Tuzantan, Mexico – Mexican immigration and security forces cracked down on a caravan of migrants and asylum seekers on Saturday, the eve of the anniversary of the departure of the Honduran collective exodus that captured international attention.
As the United States and Mexico continue to restrict options for migrants and asylum seekers, many have been stuck for months in Tapachula, a city in the southern state of Chiapas, hoping for documentation that permits transit north through Mexico to the US border.
Before dawn on Saturday, more than 1,000 migrants and asylum seekers from various African, Caribbean and Central American countries set out together from Tapachula. Following in the footsteps of past caravans, they planned to spend the first night in Huixtla, 41km (25 miles) north, but their journey was cut short approximately three-quarters of the way there.
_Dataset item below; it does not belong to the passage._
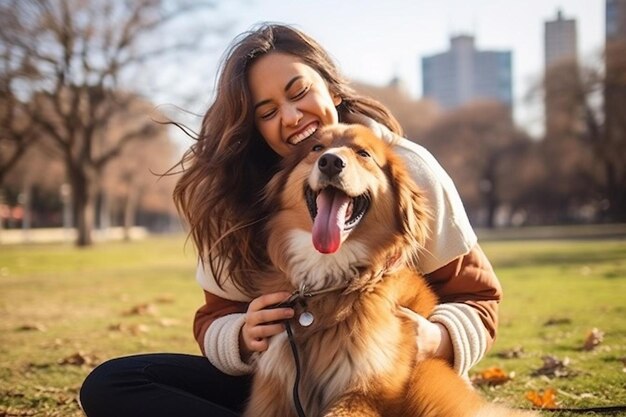 a woman with her dog in a park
Mexican immigration and security forces mounted a major operation on Saturday afternoon to halt the caravan’s advance. National Guard troops blocked the highway, the main corridor for commercial traffic between Mexico and Guatemala, while other National Guard troops, federal police and immigration agents fanned out in the area.
“What can we do?” Lucie*, an asylum seeker from the Democratic Republic of the Congo, told Al Jazeera as she gestured at the security forces blocking the route.
“We have no other option. We have to pass,” she said.
The majority of caravan participants, faced with few alternatives, boarded transport to return to Tapachula. A smaller group refused and began walking back along the highway, with National Guard troops and immigration agents following in a coordinated pursuit.
Mexican security forces eventually partially opened the highway to traffic. A National Guard contingent marched and ran south to block the next turn-off while other troops and immigration agents pursued migrants and asylum seekers retreating and scattering onto back roads and adjacent fields.
The Mexican forces took small family groups and individuals, many of them distraught, into custody, loading strollers that were used to carry infants and toddlers into the back of immigration vans.
The Mexican National Immigration Institute said in a statement on Saturday that the institute, “with complete respect for human rights, carried out actions to invite the foreign nationals who formed the contingent that departed from the city of Tapachula, Chiapas, to turn to the institute to get to know the options for the regularisation of their stay in the country.”
Immigration authorities will attend to each person and either begin an administrative immigration process or return them to their country of origin, according to the institute’s statement.
But many of Saturday’s caravan participants began the process weeks and even months ago. African migrants and asylum seekers requesting authorisation to transit north through Mexico have been protesting in Tapachula for more than a month.
Saturday’s failed attempt to head north came a year after a separate US-bound caravan of Honduran migrants and asylum seekers departed the San Pedro Sula bus terminal in Honduras. By the time that group was making its way up through Chiapas, it was comprised of some 7,000 people from Honduras, El Salvador, and other countries.
The US government responded to the caravan and others that followed with alarmist rhetoric, border militarisation, and ever-shifting asylum restrictions. After US threats of tariffs earlier this year, Mexico stepped up its own crackdown and deployed the National Guard to southern regions.
Despite the clampdowns and deployment of border troops, Camilo*, a 19-year-old migrant from El Salvador fleeing gang violence and other threats, said he would try to make his way to the US. He used a raft to go across the Suchiate River from Guatemala into Mexico and made it the 35km (22 miles) up to Tapachula by skirting checkpoints along the way.
“You have to run into the bush like an iguana,” Camilo told Al Jazeera, making a zig-zag motion with his hand.
“The route north from here is tough,” he said. “Either immigration will get you or the cartels will.”
Like the US southern border areas, the most dangerous routes through Mexico are often the only option left for migrants and asylum seekers. Two men from Cameroon drowned on Friday when a boat carrying asylum seekers capsised off the coast of Chiapas.
* Names have been changed to protect the individuals’ identities.